Re: [lttng-dev] [-stable 3.8.1 performance regression] madvise POSIX_FADV_DONTNEED

Mathieu Desnoyers Mon, 17 Jun 2013 19:16:58 -0700

* Andrew Morton ([email protected]) wrote:
> On Mon, 17 Jun 2013 17:39:36 -0400 Rapha__l Beamonte 
> <[email protected]> wrote:
> 
> > 2013/6/17 Andrew Morton <[email protected]>
> > 
> > > That change wasn't terribly efficient - if there are any unpopulated
> > > pages in the range (which is quite likely), fadvise() will now always
> > > call invalidate_mapping_pages() a second time.
> > >
> > > Perhaps this is fixable.  Say, make lru_add_drain_all() return a
> > > success code, or even teach lru_add_drain_all() to return a code
> > > indicating that one of the spilled pages was (or might have been) on a
> > > particular mapping.
> > >
> > 
> > Following our tests results, that was the call to lru_add_drain_all() that
> > causes the problem. The second call to invalidate_mapping_pages() isn't
> > really important. We tried to compile a kernel with the commit introducing
> > this change but with the "lru_add_drain_all()" line removed, and the
> > problem disappeared, even if we called two times invalidate_mapping_pages()
> > (as the rest of the commit was still here).
> 
> Ah, OK, schedule_on_each_cpu() could certainly do that - it has to wait
> for every CPU to context switch and schedule the worker function.
> 
> There's a lot we could do here.  Such as not doing the schedule_work()
> at all for a cpu which has an empty lru_add_pvec.

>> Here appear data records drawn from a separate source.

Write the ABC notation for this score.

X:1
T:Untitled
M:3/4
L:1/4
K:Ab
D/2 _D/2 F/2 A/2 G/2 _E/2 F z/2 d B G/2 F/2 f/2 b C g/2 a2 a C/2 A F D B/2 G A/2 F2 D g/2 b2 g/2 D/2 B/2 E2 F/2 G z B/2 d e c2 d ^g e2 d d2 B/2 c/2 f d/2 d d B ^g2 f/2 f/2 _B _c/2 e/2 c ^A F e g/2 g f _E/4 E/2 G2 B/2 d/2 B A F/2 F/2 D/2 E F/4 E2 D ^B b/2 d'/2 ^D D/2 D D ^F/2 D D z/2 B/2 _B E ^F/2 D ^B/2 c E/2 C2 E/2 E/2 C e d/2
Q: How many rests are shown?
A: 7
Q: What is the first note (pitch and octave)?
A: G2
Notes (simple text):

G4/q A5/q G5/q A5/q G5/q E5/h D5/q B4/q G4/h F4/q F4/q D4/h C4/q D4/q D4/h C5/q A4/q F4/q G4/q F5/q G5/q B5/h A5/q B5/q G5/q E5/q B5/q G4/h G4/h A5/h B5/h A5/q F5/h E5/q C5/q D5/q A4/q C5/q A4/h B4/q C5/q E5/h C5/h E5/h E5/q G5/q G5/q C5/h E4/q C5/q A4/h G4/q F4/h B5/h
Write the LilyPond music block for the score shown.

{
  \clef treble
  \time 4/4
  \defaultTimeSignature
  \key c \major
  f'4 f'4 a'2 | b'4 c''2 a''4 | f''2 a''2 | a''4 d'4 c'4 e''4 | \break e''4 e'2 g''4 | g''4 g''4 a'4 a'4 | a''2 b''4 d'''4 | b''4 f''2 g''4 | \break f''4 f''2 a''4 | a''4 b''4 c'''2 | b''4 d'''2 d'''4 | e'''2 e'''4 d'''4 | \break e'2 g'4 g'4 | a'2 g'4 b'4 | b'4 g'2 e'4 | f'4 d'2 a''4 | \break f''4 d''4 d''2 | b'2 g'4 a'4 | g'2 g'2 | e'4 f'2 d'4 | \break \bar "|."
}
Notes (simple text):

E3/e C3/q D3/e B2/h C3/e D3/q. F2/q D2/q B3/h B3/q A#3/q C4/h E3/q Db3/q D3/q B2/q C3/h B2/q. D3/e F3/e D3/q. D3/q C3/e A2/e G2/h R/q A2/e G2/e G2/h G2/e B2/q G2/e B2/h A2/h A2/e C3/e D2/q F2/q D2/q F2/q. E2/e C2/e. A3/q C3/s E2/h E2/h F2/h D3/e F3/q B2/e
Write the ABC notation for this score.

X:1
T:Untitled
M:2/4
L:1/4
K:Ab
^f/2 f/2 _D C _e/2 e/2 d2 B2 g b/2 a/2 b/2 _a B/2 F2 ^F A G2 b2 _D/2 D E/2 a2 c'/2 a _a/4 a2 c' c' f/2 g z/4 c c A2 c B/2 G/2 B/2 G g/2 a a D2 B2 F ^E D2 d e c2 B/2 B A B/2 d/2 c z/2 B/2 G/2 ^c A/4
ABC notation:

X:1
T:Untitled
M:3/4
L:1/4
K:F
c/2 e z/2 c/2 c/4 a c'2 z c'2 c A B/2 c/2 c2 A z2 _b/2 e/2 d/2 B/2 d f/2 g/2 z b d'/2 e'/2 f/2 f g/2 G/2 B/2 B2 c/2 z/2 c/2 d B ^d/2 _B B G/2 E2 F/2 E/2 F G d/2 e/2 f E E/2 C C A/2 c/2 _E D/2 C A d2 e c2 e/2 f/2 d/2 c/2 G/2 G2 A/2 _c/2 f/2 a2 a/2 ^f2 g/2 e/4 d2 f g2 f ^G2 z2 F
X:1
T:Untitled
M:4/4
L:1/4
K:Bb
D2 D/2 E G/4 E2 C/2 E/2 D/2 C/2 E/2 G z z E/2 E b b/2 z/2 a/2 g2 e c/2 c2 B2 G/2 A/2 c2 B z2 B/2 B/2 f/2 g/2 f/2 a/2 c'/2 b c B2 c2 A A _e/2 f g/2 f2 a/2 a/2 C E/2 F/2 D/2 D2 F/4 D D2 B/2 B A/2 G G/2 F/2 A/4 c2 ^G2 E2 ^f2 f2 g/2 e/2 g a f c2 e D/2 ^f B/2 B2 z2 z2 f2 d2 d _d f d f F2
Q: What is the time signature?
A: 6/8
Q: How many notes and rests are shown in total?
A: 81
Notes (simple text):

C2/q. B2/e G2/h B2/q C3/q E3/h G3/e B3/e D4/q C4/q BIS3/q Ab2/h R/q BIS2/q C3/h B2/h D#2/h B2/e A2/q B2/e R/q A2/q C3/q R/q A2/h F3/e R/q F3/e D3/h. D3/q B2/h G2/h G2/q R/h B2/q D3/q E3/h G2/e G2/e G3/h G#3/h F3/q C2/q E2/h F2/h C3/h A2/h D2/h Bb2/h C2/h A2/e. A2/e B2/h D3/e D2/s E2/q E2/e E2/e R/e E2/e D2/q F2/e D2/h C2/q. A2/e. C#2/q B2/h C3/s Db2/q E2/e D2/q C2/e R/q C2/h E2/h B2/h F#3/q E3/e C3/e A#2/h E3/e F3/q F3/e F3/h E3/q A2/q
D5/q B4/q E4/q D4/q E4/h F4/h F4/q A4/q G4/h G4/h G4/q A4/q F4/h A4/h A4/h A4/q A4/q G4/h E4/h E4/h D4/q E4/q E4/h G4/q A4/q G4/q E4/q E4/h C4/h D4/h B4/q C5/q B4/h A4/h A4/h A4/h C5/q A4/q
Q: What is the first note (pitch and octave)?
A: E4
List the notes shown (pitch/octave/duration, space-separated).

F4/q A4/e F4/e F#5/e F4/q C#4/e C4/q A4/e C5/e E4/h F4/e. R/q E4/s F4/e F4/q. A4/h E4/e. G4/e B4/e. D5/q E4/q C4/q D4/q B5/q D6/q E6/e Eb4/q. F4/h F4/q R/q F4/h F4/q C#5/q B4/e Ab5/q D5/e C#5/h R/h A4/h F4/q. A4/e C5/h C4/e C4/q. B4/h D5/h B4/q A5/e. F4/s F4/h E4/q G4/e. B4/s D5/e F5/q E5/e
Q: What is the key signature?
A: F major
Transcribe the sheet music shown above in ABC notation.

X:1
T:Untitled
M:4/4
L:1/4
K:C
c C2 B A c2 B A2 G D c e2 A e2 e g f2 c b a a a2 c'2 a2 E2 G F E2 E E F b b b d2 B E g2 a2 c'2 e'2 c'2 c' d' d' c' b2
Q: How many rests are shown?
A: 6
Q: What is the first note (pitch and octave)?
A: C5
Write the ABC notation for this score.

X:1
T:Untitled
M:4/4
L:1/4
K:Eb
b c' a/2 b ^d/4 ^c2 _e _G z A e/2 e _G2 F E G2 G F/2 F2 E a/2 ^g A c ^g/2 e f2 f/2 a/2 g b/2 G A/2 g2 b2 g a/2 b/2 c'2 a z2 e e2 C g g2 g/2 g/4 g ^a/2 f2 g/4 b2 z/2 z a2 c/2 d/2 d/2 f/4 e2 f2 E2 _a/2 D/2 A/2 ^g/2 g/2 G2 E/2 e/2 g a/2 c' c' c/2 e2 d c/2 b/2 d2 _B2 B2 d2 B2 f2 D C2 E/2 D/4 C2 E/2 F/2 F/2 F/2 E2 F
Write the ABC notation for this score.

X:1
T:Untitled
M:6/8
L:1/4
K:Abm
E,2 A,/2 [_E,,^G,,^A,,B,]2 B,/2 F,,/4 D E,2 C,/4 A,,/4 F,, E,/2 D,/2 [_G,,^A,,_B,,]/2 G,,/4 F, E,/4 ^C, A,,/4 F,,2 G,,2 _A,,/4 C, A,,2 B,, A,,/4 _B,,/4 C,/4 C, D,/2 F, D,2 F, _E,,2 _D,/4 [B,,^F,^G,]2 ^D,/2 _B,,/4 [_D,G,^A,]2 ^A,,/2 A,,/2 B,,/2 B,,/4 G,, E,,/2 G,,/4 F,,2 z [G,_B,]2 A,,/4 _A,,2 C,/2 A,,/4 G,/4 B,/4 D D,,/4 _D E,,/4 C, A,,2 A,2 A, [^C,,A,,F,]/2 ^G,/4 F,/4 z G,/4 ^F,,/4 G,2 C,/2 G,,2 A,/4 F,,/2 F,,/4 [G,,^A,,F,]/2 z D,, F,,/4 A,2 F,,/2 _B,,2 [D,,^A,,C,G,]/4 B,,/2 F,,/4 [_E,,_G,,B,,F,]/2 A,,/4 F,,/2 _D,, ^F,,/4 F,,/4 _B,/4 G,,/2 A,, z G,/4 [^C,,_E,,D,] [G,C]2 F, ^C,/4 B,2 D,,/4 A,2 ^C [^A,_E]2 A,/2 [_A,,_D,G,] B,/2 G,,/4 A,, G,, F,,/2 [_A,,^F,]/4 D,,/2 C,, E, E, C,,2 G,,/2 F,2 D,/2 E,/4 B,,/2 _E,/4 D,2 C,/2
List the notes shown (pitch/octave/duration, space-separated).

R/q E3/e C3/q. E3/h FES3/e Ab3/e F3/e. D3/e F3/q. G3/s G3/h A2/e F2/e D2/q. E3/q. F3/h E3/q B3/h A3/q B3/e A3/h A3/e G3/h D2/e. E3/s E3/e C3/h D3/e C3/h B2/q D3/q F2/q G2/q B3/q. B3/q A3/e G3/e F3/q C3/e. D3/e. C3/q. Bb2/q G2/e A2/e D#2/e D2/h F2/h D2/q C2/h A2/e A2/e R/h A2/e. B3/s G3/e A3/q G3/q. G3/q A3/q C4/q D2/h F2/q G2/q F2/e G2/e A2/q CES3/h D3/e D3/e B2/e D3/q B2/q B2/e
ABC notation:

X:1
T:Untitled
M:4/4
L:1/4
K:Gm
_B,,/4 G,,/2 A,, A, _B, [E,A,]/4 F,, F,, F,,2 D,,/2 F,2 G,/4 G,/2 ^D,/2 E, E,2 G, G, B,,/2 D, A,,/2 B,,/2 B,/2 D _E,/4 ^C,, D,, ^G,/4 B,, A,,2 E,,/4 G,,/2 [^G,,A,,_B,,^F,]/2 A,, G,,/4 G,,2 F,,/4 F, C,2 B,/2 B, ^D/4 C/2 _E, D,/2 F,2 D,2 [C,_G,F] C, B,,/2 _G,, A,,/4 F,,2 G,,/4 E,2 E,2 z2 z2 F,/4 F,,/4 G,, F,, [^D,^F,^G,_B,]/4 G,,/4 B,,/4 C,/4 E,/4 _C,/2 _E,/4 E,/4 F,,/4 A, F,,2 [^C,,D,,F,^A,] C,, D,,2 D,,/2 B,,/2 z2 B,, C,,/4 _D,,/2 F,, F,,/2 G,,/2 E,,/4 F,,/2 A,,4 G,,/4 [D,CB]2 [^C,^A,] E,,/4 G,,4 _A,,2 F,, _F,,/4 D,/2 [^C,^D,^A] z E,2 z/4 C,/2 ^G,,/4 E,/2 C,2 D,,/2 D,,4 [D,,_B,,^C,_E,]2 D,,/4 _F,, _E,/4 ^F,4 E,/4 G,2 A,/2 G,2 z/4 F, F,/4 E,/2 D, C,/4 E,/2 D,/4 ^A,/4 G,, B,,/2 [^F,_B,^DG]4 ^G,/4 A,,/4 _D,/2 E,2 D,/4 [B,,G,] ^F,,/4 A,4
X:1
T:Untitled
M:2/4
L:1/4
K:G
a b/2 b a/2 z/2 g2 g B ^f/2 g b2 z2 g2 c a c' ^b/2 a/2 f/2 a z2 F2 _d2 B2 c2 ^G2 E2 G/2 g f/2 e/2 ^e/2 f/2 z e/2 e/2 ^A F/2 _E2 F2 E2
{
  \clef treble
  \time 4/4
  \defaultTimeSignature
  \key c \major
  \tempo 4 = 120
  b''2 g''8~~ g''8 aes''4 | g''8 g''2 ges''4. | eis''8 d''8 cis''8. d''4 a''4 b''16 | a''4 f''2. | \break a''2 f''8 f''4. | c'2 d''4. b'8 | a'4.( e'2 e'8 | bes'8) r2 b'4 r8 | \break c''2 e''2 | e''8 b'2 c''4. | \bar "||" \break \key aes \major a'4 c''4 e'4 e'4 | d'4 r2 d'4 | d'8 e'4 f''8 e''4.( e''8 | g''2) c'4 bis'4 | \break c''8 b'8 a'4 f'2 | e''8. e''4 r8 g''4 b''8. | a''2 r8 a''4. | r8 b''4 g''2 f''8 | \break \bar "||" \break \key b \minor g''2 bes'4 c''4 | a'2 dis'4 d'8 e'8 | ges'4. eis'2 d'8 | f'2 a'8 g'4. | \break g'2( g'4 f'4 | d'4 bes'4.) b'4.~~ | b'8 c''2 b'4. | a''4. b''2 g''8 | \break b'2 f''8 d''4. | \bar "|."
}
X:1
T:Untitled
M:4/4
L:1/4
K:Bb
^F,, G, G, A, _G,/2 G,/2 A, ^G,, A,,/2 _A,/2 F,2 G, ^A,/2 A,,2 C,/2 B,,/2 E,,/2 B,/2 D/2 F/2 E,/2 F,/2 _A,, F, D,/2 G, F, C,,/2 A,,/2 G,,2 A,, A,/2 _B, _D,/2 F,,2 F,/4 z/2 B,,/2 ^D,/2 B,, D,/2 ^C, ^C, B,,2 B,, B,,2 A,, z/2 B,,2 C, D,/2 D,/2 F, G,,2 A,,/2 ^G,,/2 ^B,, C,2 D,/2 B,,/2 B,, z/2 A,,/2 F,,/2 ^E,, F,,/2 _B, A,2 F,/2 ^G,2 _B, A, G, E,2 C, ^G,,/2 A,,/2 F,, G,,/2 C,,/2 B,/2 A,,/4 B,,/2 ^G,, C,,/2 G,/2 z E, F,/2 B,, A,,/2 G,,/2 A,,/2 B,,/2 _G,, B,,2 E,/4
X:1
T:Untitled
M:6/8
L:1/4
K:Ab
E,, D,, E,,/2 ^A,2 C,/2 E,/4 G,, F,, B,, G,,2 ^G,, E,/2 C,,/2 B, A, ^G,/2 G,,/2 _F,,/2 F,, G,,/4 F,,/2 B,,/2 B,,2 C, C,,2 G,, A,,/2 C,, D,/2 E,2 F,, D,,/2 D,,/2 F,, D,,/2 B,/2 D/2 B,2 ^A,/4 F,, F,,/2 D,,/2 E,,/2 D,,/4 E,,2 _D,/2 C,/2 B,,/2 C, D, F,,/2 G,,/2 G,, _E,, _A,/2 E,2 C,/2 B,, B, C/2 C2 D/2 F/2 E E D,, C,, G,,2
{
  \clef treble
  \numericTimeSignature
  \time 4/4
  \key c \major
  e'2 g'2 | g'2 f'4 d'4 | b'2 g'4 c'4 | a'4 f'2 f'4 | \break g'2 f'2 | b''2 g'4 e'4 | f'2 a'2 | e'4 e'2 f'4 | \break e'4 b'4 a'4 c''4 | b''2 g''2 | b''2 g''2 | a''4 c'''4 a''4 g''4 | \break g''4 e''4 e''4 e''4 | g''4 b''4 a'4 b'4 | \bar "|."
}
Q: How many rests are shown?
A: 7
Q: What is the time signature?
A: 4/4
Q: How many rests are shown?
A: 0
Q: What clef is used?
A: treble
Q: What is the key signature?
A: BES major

First approach proposed, submitted as RFC. Compile-tested only.

---
 mm/swap.c |   35 ++++++++++++++++++++++++++++++++++-
 1 file changed, 34 insertions(+), 1 deletion(-)

Index: linux/mm/swap.c
===================================================================
--- linux.orig/mm/swap.c
+++ linux/mm/swap.c
@@ -652,7 +652,40 @@ static void lru_add_drain_per_cpu(struct
  */
 int lru_add_drain_all(void)
 {
-       return schedule_on_each_cpu(lru_add_drain_per_cpu);
+       int cpu;
+       struct work_struct __percpu *works;
+
+       works = alloc_percpu(struct work_struct);
+       if (!works)
+               return -ENOMEM;
+
+       get_online_cpus();
+
+       for_each_online_cpu(cpu) {
+               struct pagevec *pvecs = per_cpu(lru_add_pvecs, cpu);
+               struct work_struct *work = per_cpu_ptr(works, cpu);
+               struct pagevec *pvec;
+               int lru;
+
+               INIT_WORK(work, lru_add_drain_per_cpu);
+               for_each_lru(lru) {
+                       pvec = &pvecs[lru - LRU_BASE];
+                       if (pagevec_count(pvec)) {
+                               schedule_work_on(cpu, work);
+                               break;
+                       }
+               }
+       }
+
+       for_each_online_cpu(cpu) {
+               struct work_struct *work = per_cpu_ptr(works, cpu);
+               if (work_pending(work))
+                       flush_work(work);
+       }
+
+       put_online_cpus();
+       free_percpu(works);
+       return 0;
 }
 
 /*

> Or even pass down
> the address_space and only schedule the work for CPUs which have a page
> from *this mapping* in their lru_add_pvec.  That will all be highly
> racy, but as long as the failure mode is "flushed unnecessarily" then
> that's OK.

Second approach, submitted as RFC with some questions left unanswered
in the code. Compile-tested only.

---
 include/linux/swap.h |    1 
 mm/fadvise.c         |    2 -
 mm/swap.c            |   62 +++++++++++++++++++++++++++++++++++++++++++++++++++
 3 files changed, 64 insertions(+), 1 deletion(-)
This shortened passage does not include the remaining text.